Cinnamon roll pancakes, hash and eggs, and the rest of the Poked Yolk's popular breakfast and lunch offerings are now available on the border of Orchard Park and Hamburg, less than a half mile from the home of the Buffalo Bills.

On Jan. 4, the Poked Yolk owner Jim Vaughan and his wife Kristyn soft-opened their second location, at 3698 Abbott Road, with a grand-opening planned for mid-February. The diner, whose other location resides in a West Seneca strip plaza at 3100 Transit Road, keeps the same hours – 7 a.m. to 3 p.m. daily – and food menu as the original spot.

The new location seats 85 customers, compared to 50 in West Seneca, in the former Pino's Pizza. The Vaughans renovated the more than 30-year-old restaurant, adding fresh paint and booth seating. There's a parking lot specifically for the Poked Yolk, a perk compared to the first location, which shares parking with several other businesses.

An application for a liquor license is in the works, too, Jim Vaughan confirmed, as the Poked Yolk intends to offer mimosas and build-your-own Bloody Marys, with olives, bacon and pepperoni sticks among the prospective toppings. He intends to be selective in the alcohol he brings in, choosing "probably just one good vodka, tequila and champagne." If this addition proves popular at the new spot, it's possible that it would then be added to West Seneca.

While the West Seneca diner is unassuming from the outside, it grew in popularity thanks to a strong staples like six different omelettes ($7.99), a from-scratch hash and eggs ($8.99) and the diner's namesake ($7.99), a plate with homefries, chorizo, onions, green peppers and melted cheddar-jack cheese, topped with two over-easy eggs.

The outside-the-box monthly specials, shared on its Facebook page, are where the Vaughans' imaginations shine. Pot roast hash ($8.99) and decadent cinnamon roll pancakes ($6.99) star on January's list, and the Jammin' Waffle, which made a list of great breakfasts compiled by The News' food editor Andrew Galarneau, has earned acclaim in the past.

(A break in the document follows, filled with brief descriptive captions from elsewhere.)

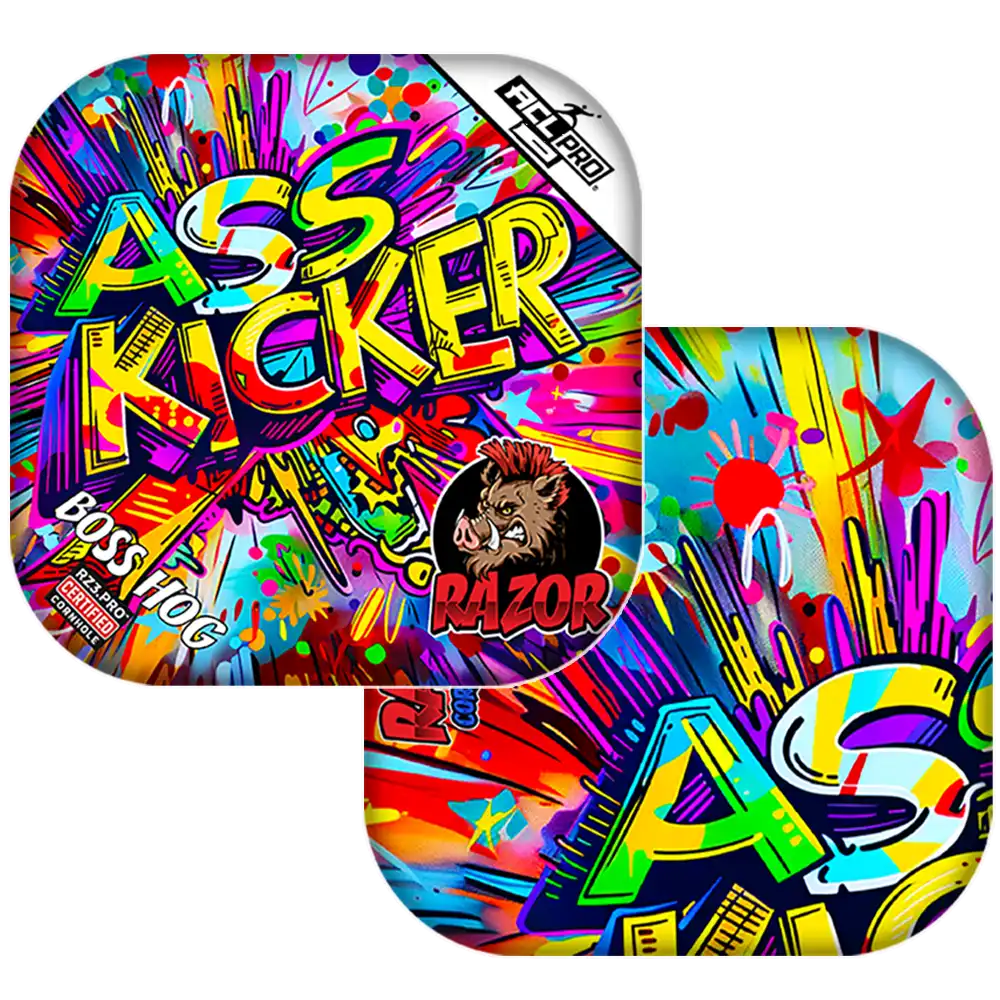 Boss Hog | Ass Kicker III | ACL PRO Razor Cornhole Bags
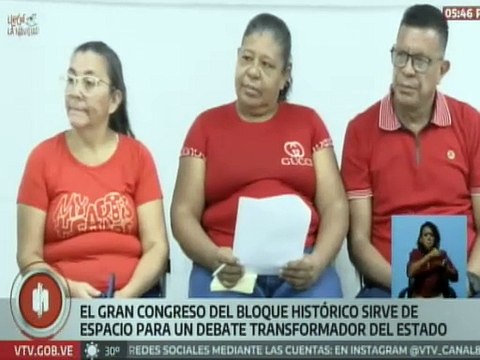 Comunidades del mcpio. Libertador se preparan para participar en el Congreso del Bloque Histórico
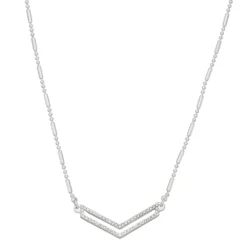 Nine West Pave Chevron Pendant Necklace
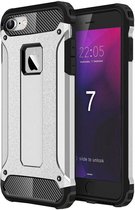 Apple iPhone SE (2020/2022) Hoesje Hybride Back Cover Zilver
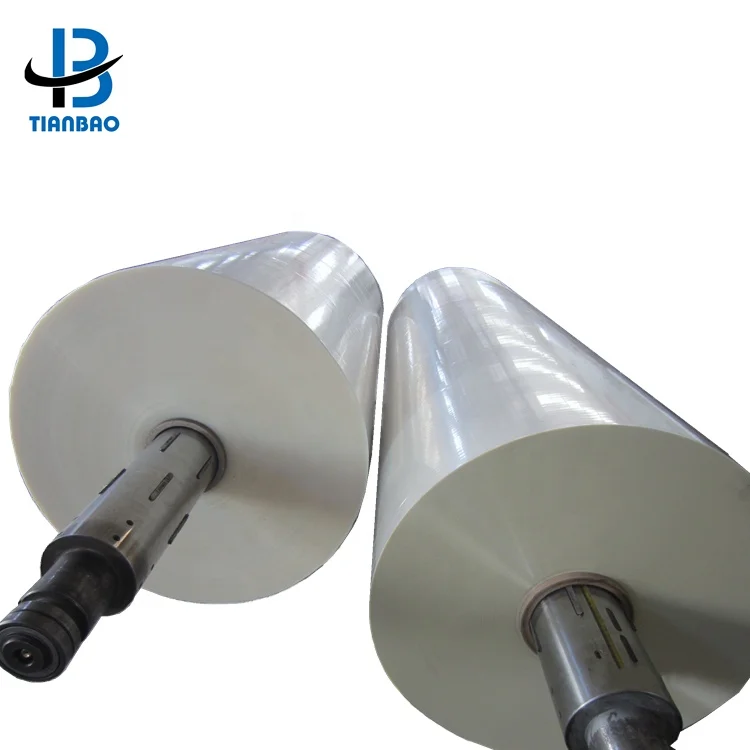 BOPP Film In Transparent Clear Plastic Film Clear Mylar Film Roll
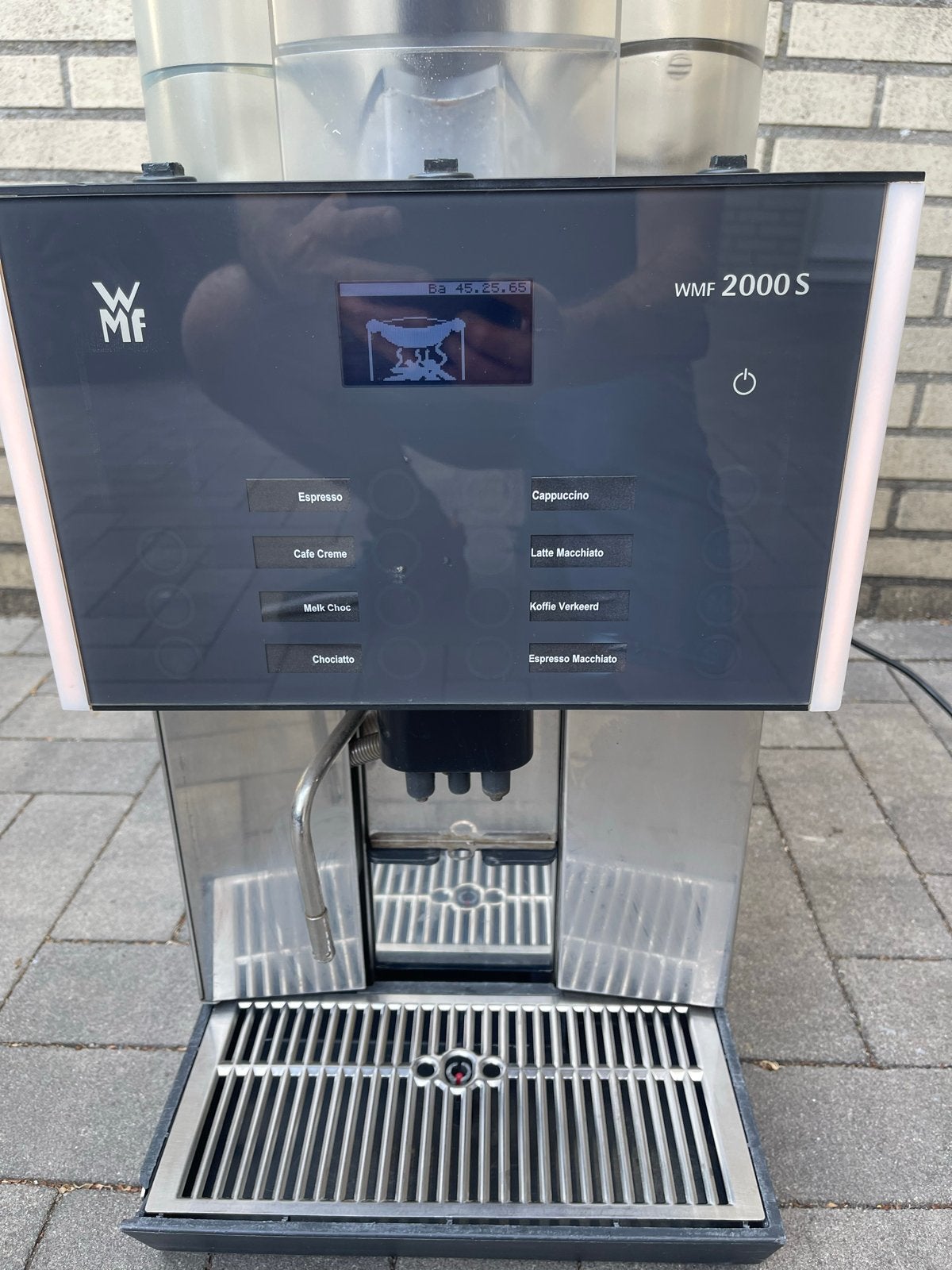 WMF 2000S Koffiemachine - Werkend afgekoppeld, gereinigd, Witgoed en Apparatuur, Koffiezetapparaten, 10 kopjes of meer, Koffiemachine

"We're unique and creative, a different level from a standard Greek [diner]," said Vaughan. "We're adventurous with food."

News contributor Elizabeth Carey interviewed Vaughan just over a year ago to learn about his background and approach to running a restaurant.

INFO: The Poked Yolk, 3698 Abbott Road, Orchard Park. Hours: 7 a.m. to 3 p.m. daily. Many menu items have the option to be made gluten-free.